### [Your objective]
Go through the listing below and output exactly the line with "Retro Vrolijke Kerstzegels", the line with "Poster Master Vintage", and each line between; omit the rest.

### [Data provided]
____________________

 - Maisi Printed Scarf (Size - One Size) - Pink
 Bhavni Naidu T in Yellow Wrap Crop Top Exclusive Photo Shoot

____________________

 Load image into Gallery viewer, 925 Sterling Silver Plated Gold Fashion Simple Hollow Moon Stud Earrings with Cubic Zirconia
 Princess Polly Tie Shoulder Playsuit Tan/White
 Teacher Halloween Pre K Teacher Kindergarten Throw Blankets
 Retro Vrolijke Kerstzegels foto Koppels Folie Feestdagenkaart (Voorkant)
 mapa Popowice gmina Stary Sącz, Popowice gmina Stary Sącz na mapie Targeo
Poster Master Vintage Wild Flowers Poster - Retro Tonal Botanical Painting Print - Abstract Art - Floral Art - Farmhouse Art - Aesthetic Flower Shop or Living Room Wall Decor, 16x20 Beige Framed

____________________

### [Expected output]
 Retro Vrolijke Kerstzegels foto Koppels Folie Feestdagenkaart (Voorkant)
 mapa Popowice gmina Stary Sącz, Popowice gmina Stary Sącz na mapie Targeo
Poster Master Vintage Wild Flowers Poster - Retro Tonal Botanical Painting Print - Abstract Art - Floral Art - Farmhouse Art - Aesthetic Flower Shop or Living Room Wall Decor, 16x20 Beige Framed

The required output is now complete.